Plant cells typically have a cell wall containing a living protoplast (Fig. 1.3). The layer that contacts the walls of adjacent cells is termed the middle lamella. Following cessation of growth, many cells develop a secondary cell wall which is deposited on the inside surface of the primary wall. Both primary and secondary walls consist of cellulose microfibrils embedded in a matrix and ori-ented in different directions. Secondary cell walls consist mostly of cellulose, but primary walls commonly contain a high proportion of hemicelluloses in the gel-like matrix, affording a greater degree of plasticity to the wall of the growing cell. The secondary wall can also contain deposits of lignin (in sclerenchymatous cells) or suberin (in many periderm cells), and often appears lamellated.
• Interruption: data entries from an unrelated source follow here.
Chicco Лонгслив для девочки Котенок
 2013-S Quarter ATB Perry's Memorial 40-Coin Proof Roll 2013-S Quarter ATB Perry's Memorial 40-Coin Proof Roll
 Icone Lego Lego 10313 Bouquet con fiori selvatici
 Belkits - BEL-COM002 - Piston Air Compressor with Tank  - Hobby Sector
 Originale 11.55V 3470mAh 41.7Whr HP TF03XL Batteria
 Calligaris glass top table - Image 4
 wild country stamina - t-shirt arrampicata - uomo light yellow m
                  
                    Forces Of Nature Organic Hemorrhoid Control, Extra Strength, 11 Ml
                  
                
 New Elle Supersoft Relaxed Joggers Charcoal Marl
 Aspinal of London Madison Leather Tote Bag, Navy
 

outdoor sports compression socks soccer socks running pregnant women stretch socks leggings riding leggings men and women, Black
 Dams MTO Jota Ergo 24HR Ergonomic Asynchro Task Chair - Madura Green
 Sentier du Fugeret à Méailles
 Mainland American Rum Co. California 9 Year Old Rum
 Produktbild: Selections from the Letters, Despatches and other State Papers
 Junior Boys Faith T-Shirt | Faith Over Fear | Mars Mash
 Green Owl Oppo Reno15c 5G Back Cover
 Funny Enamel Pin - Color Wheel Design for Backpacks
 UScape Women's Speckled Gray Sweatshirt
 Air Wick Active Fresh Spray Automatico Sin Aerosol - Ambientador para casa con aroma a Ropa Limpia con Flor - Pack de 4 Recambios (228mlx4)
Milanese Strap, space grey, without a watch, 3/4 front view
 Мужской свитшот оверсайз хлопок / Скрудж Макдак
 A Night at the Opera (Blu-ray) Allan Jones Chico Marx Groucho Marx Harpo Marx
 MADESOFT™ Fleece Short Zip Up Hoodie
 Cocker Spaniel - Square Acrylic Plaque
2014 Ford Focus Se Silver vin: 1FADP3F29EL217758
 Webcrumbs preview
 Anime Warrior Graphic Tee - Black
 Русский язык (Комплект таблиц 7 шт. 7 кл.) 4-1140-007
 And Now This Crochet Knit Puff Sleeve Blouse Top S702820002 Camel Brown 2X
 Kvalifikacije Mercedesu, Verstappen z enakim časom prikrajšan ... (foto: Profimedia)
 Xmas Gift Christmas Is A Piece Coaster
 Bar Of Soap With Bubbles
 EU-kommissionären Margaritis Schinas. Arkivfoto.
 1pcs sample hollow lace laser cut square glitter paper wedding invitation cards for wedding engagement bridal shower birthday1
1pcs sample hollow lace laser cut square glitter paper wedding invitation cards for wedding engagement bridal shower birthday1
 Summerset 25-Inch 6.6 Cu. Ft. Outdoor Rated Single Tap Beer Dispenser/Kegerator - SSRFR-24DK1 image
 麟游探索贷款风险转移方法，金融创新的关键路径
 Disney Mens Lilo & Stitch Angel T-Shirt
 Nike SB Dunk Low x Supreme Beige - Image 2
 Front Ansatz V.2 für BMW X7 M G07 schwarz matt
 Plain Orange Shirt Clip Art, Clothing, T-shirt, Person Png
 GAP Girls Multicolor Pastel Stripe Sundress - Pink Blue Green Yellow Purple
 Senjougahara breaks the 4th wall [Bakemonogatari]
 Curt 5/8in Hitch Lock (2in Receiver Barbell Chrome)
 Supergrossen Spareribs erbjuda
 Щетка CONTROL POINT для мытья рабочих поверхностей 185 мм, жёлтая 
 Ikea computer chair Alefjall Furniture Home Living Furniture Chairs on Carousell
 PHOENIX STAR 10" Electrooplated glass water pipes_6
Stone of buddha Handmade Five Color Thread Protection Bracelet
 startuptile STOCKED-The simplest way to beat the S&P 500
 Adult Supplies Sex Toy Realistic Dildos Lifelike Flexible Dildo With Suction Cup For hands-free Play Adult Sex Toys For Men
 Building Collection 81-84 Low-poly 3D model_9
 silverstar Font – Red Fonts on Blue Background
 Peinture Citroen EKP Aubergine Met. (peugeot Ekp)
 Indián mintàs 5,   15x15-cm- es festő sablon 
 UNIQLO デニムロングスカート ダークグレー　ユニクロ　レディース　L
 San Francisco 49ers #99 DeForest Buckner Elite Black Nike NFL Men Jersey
Thin areas of the primary wall, which usually correspond with thin areas of the walls of neighbouring cells, are primary pit fields, and usually have protoplasmic strands (plasmodesmata) passing through them, connecting the protoplasts of neighbouring cells. The connected living protoplasts are collectively termed the sym-plast. Primary pit fields often remain as thin areas of the wall even after a secondary wall has been deposited, and are then termed pits, or pit-pairs if there are two pits connecting adjacent cells. Pits may be simple, as in most parenchyma cells, or bordered, as in tracheary elements. In simple pits the pit cavity is of more or less uniform width, whereas in bordered pits the secondary wall arches over the pit cavity so that the opening to the cavity is rela-tively narrow. Through a light microscope the outer rim of the primary pit field appears as a border around the pit opening.
The cell protoplast is contained within a plasma membrane. It consists of cytoplasm that encloses bodies such as the nucleus, plastids and mitochondria, and also non-protoplasmic contents such as oil, starch or crystals. The nucleus, which is bounded by a nuclear membrane, often contains one or more recognizable bodies (nucleoli) together with the chromatin in the nuclear sap. During cell division the chromatin becomes organized into chromosomes. Most cells possess a single nucleus, but examples of multinucleate cells (coenocytes) include the non-articulated laticifers found in many plant families. Such cells elongate and penetrate established tissues by intrusive tip growth,in which the cell apices secrete enzymes that dissolve the middle lamellae of neighbouring cells; bifurcation occurs when they encounter an obstacle.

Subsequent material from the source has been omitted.